There’s a lot of human error in beer.
Your buddy’s home brew is never as good as he says it is. The market is awash with bad beer choices. And for the love of hops, Chad, stop leaving half-empties on the coffee table.
Then there’s the problem of delivering your suds from farm to table. It’s been a banner year for beer truck rollovers, meaning pallets of your favorite cold ones are kissing the pavement before kissing your lips. Not good.
Luckily, our friendly robot overlords are about to take control of the situation. Anheuser-Busch claims it completed the world’s first commercial shipment of beer in a self-driving truck, partnering with Uber’s startup Otto to deliver 2,000 cases of Budweiser about 120 miles in Colorado from Fort Collins to Colorado Springs.
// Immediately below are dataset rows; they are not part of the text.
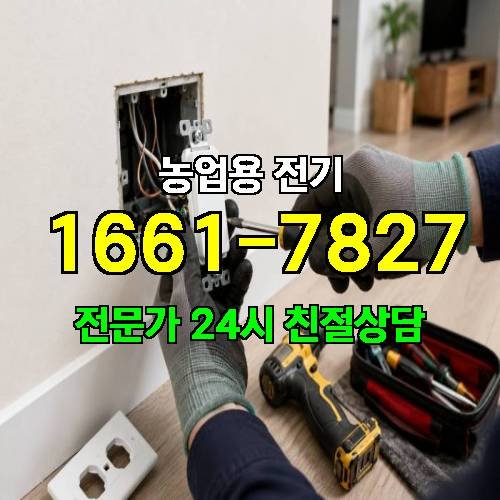 게시판 이미지 18912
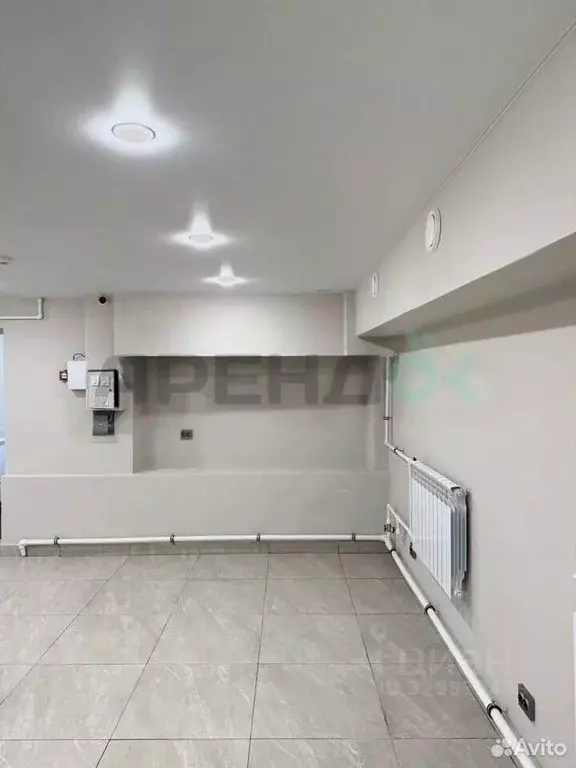 Помещение свободного назначения в Татарстан, Казань Ленская ул., 4 (66 ... - Фото 2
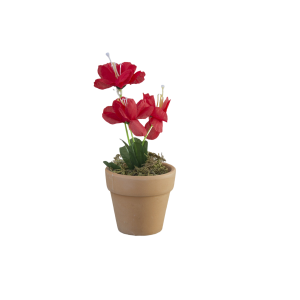 copy of Plante Artificielle...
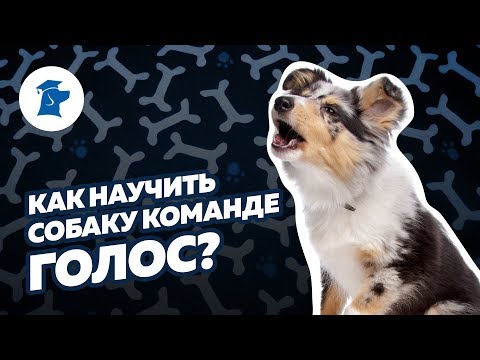 Видео: Kак научить собаку команде голос?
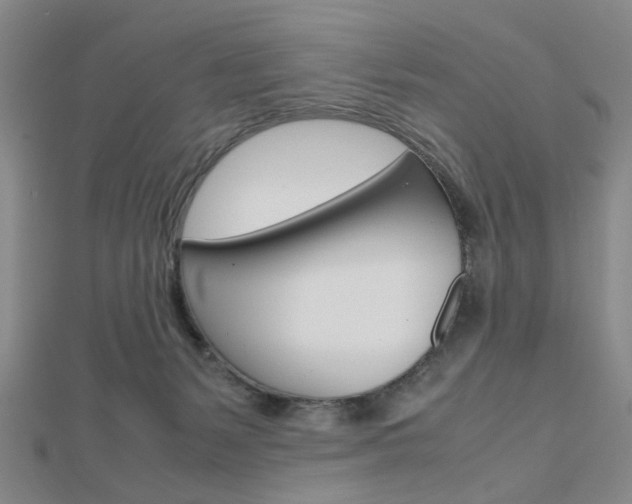 X0000112810127200908210946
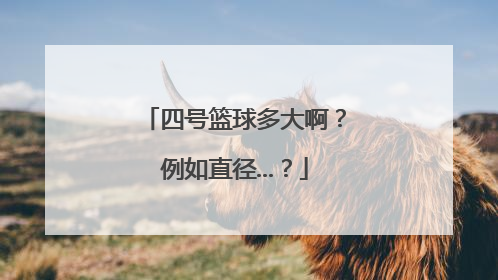 四号篮球多大啊？例如直径...？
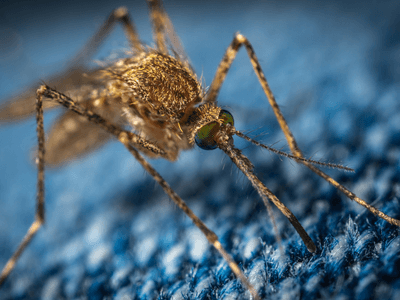 About Mice Removal Deer Valley - mice removal experts in Deer Valley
“This was not only a historical moment for technology-wise, but also a historical moment business-wise: It was the first ever, as far as I know, paid commercial self-driving delivery,” Lior Ron, co-founder of San Franciscso-based Otto, told Forbes.
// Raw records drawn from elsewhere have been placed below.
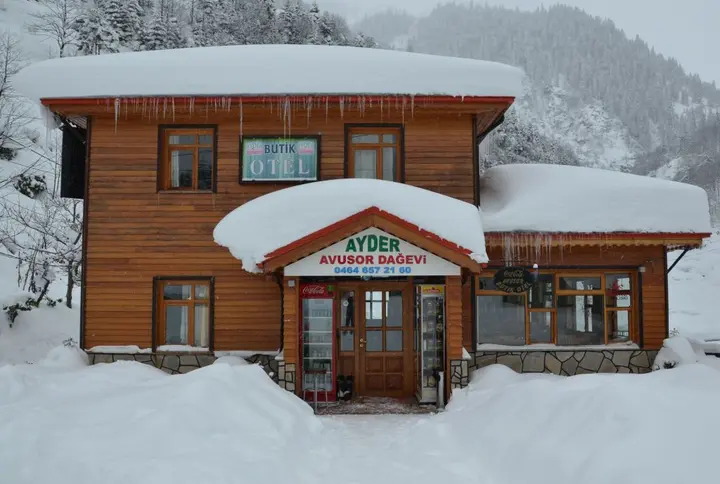 Чамлыхемшин: Ayder Avusor Butik Otel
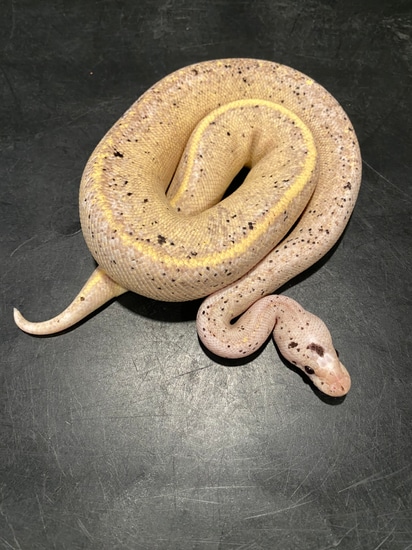 Banana Suma Pos Het Pied Ball Python by Sweet Serpents Tampa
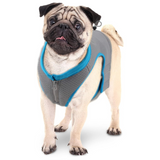 All For Paws Chill Out Lightweight Breathable Cooling Vest for Dogs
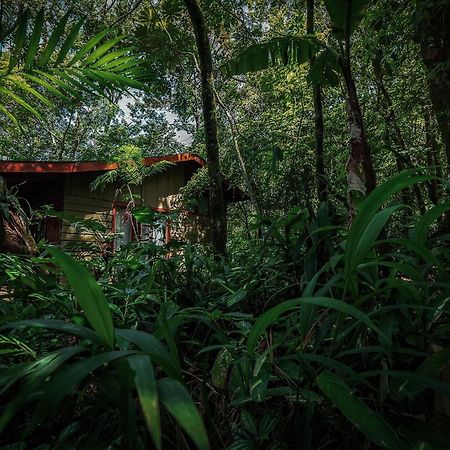 Jaguarundi Jungle Lodge - الجبل الأخضر المظهر الخارجي الصورة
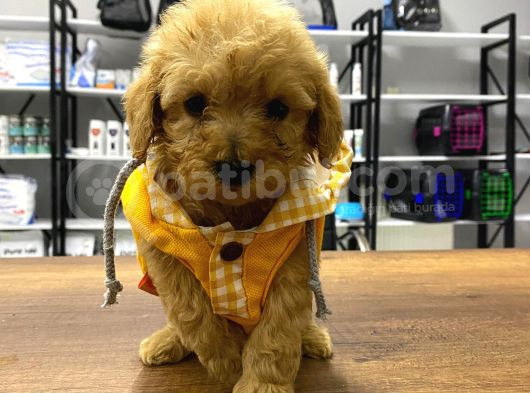 Tea Cup Maltipoo Yavrular görsel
The truck had a professional driver on board to correct any errors ― though the companies boast that he never had to. But the real win here was navigating Interstate 25 for 120 miles without ruining the precious cargo, like so many human drivers have done.
Anheuser-Busch and Otto ― which was bought by ride-hailing giant Uber for a reported $680 million in August ― stated in a press release that they wanted to deploy the technology across the brewer’s fleet to reduce human error and give drivers a rest.
And they probably need it. Anheuser-Busch logs 453 million miles annually, Forbes reports, and delivers 1.2 million shipments.
A full fleet of self-driving commercial vehicles may still be a way off. Robots eventually will drive more safely than humans ― 94 percent of collisions are due to human error, after all ― but self-driving and “autopilot” features are still getting their kinks worked out.